Bandpass filtering

Dear Francois

when I use bandpass filtering on my data, I can see that there is difference between the appearance of my filtered data and the data which is using the filter option on the record tab. it seems that the slope of the filter on the record tab is straighter.

am I right ? when I compute PSD for filtered data, still I can see frequencies lower than my high pass filter. shall I use a higher low cut for a better filtration?

Best
Shadi

Hi Shadi,

We are using the exact same filter for the online filters (visualization of the recordings) and the process “Pre-process > Band-pass filter”.
You can check this by placing a breakpoint at line 125 in file process_bandpass.m.

The difference is the time window that is used: in the offline filter, all the signal is filtered (and mirrored) at once, while in the online filter only the loaded window is filtered.
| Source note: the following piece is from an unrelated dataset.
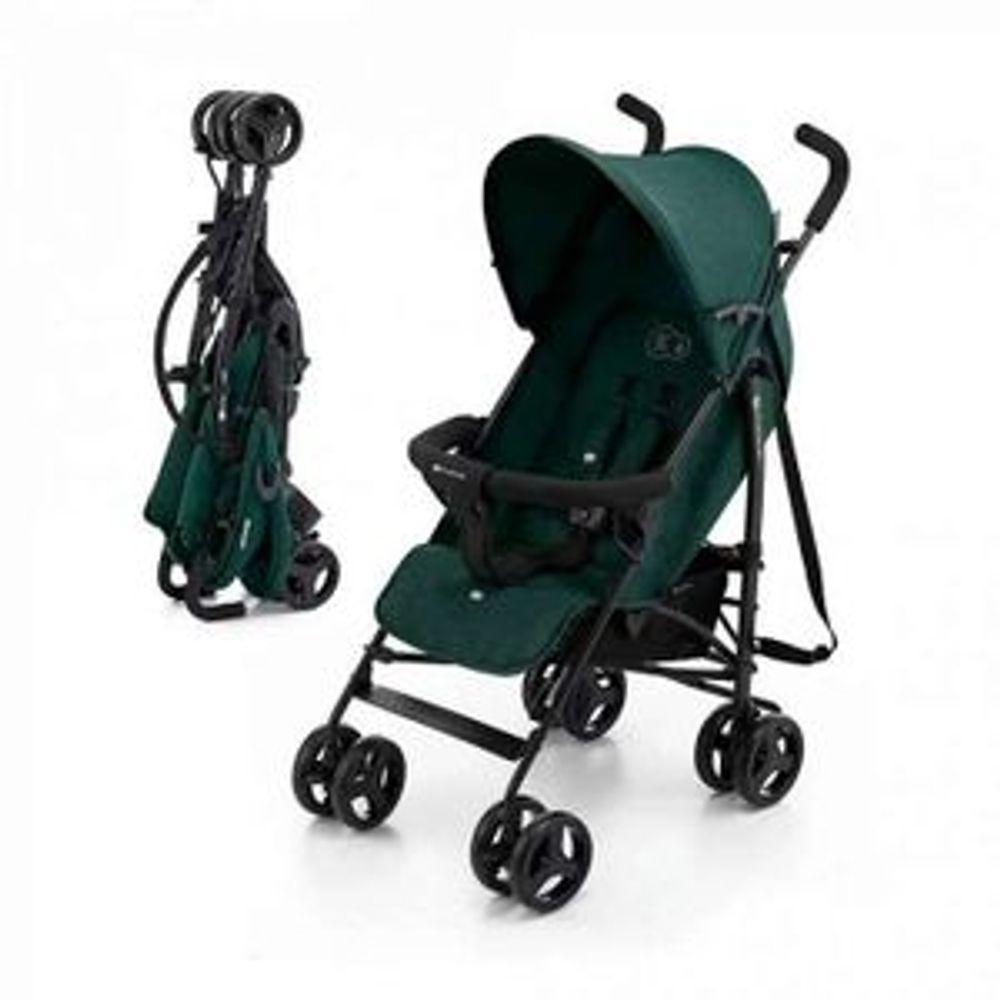 Kinderkraft Kišobran kolica TIK Green Forest slika 1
This fast approach introduces important edge effects.

In the configuration of the band-pass filters, the cutoff frequency indicates at which frequency the filter starts to attenuate the signal. To avoid disruptions in time domain, we have to use a smooth transition before the frequencies that are completely removed (stop-band). See for instance this illustration:
http://beausievers.com/synth/synthbasics/#lowpasshighpass

Cheers,
Francois
(low-pass and high-pass are similar)

hello Francois

may I ask you the slope of bandpass filter you have used?
I have filtered my data in ASALab software with the slope of 24. (0.1 to 70 hz). when I open my data in brainstorm and use the view filter in this frequency range, frequency, I have less low frequency noises. is this related to the slope of two filters?
and what shall I do to decrease these noises? re filter by brainstorm at this range of frequencies?

wishes
Shadi

Hi Shadi,

I’m not sure what a slope of 24 means, there are many ways to define a frequency filter. If you filter your signals with the same parameters in different programs, you will never get the same results.
The bandpass filtering in Brainstorm is done in frequency domain (FFT-based), it is not the cleanest way of proceeding but it is very fast. You can find more information about the implementation directly in the code: brainstorm3/toolbox/math/bst_bandpass_fft.m

There are a few other filters implemented, but they all have issues (too slow, too memory-consuming, not clean enough in frequency domain). If you’re interested in testing and refining them, you can use the filter test bench I wrote a while ago: brainstorm3/toolbox/script/test_bandpass.m

I recommend you select the most practical approach for you: if you’re satisfied with the filtering in ASA, keep your recordings this way. If you prefer the filters in Brainstorm, do not filter them in ASA.
To evaluate correctly the result of the filtering, use the process “Frequency > Power spectrum density” as illustrated in the tutorials:
http://neuroimage.usc.edu/brainstorm/Tutorials/ArtifactsFilter

Note the visualization filters you are referring to are not the proper way of filtering your signals (see the WARNING). You should use the process “Pre-process > Band-pass filter”. For filtering below 0.1 Hz you need at least 10s of recordings before the filter starts to work correctly. So this makes sense only to apply this on your continuous recordings.